======== Listed records

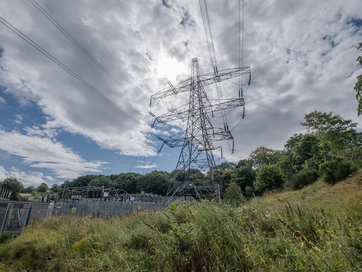 A mountainous shot looking up at an electricity pylon, with grass and trees surrounding the bottom of the pylon.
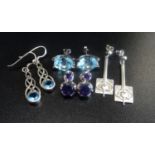 FOUR PAIRS OF SILVER EARRINGS comprising a pair of Ola Gorie drop earrings with motif decoration;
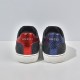Direct rear view of metallic red and blue heels with brand lettering in black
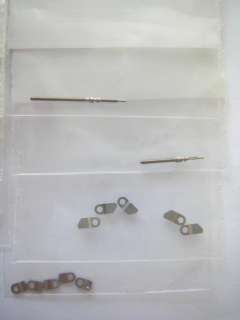 Big lot of Omega clamps, crowns & stems watch parts  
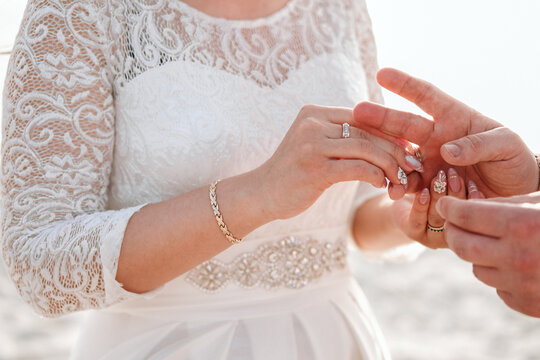 bride and groom hands with rings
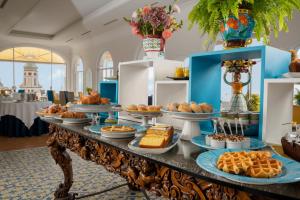 a buffet of food on a table in a room at Tramonto d'Oro in Praiano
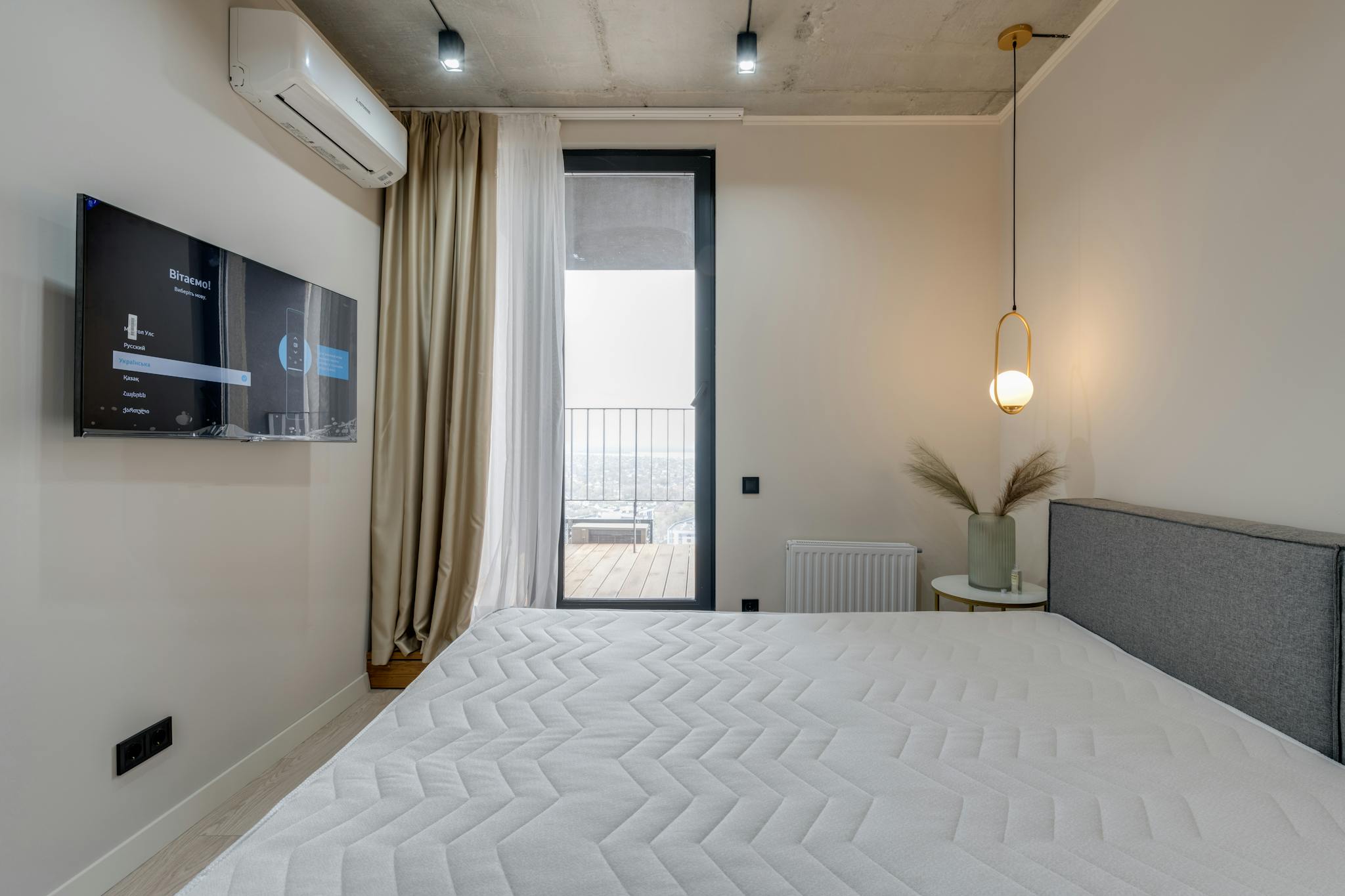 Minimalistic bedroom featuring a balcony, flat screen TV, and elegant lighting.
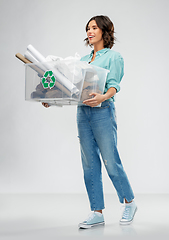 Image showing happy smiling young woman sorting paper waste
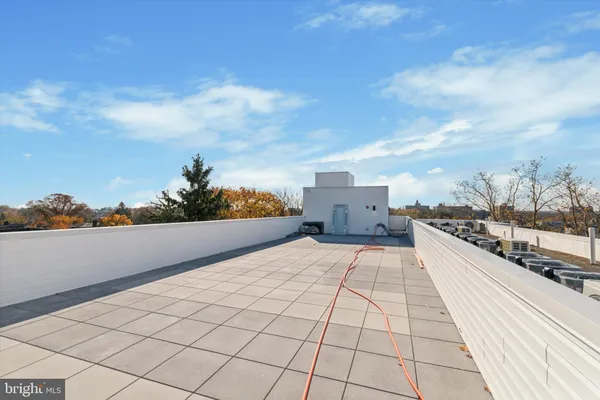 a kitchen with stainless steel appliances granite countertop a refrigerator stove and a sink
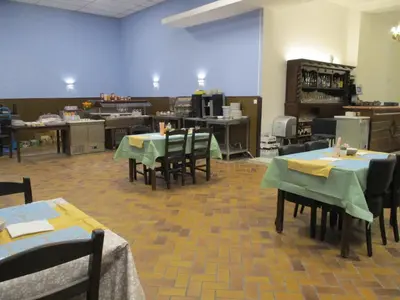 a dining room with tables and chairs in a room at Hotel de la Gare Aalst in Aalst
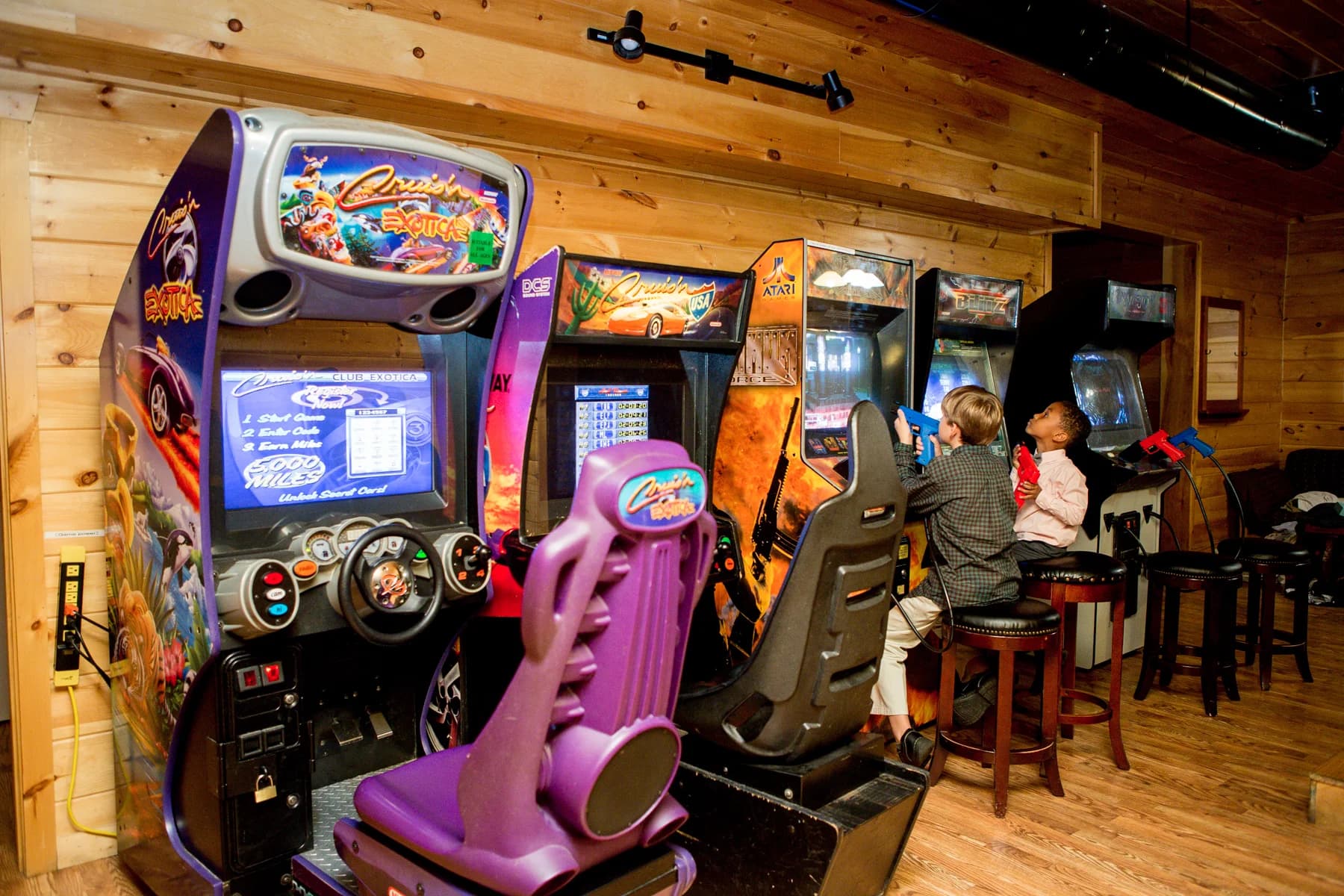 Rustic arcade game room with racing and shooting machines at Moose Hollow Lodge in Pigeon Forge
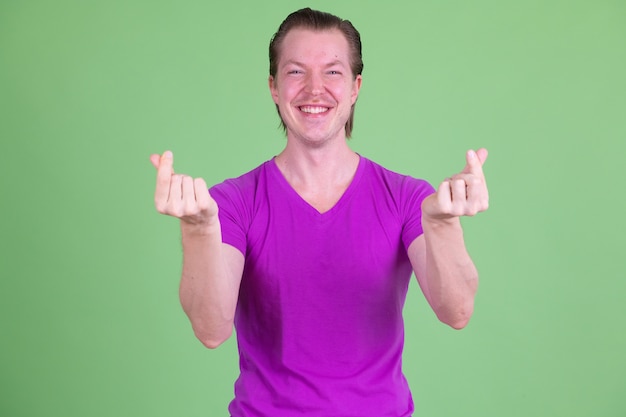 Portrait of young handsome Scandinavian man wearing purple shirt against chroma key or green wall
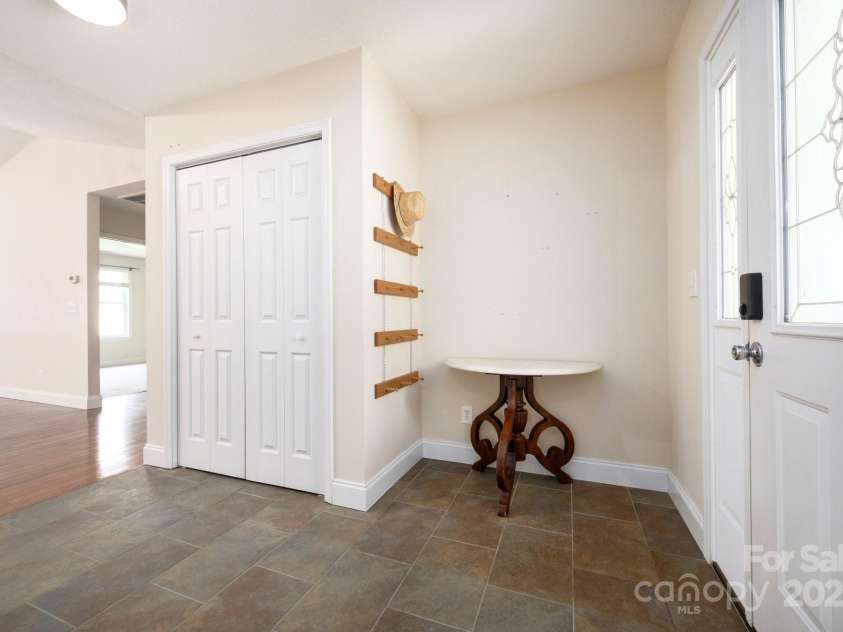 29 Honey Hollow Lane, Fairview, NC 28730.  MLS# CAR4270487, YatesRealty ID 25480. Tile entryway with closet storage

================

**Task instructions**
In the entries above, find the line containing "Rustic arcade game", then please retype it and every line after it through the last, exactly as written, omitting pictures.

**Expected answer**
 Rustic arcade game room with racing and shooting machines at Moose Hollow Lodge in Pigeon Forge
 Portrait of young handsome Scandinavian man wearing purple shirt against chroma key or green wall
 29 Honey Hollow Lane, Fairview, NC 28730.  MLS# CAR4270487, YatesRealty ID 25480. Tile entryway with closet storage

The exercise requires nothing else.